__Given records__.
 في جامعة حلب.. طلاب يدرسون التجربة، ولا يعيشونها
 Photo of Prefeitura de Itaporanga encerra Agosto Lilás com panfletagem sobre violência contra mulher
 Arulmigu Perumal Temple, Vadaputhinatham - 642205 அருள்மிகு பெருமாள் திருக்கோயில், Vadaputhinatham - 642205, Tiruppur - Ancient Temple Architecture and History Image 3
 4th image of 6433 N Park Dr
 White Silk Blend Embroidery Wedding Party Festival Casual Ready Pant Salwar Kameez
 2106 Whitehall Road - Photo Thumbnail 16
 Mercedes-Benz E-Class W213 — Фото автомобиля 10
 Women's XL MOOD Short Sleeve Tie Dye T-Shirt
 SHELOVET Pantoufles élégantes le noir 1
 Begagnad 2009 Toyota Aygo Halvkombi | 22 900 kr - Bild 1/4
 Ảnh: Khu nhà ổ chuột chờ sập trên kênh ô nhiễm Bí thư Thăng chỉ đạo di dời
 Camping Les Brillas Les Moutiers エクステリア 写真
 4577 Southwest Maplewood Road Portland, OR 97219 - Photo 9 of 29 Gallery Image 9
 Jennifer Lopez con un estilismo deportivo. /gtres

__Task requirements__. Every line containing the string "Road" is required; copy each such line from the data.

__Result below__.
 2106 Whitehall Road - Photo Thumbnail 16
 4577 Southwest Maplewood Road Portland, OR 97219 - Photo 9 of 29 Gallery Image 9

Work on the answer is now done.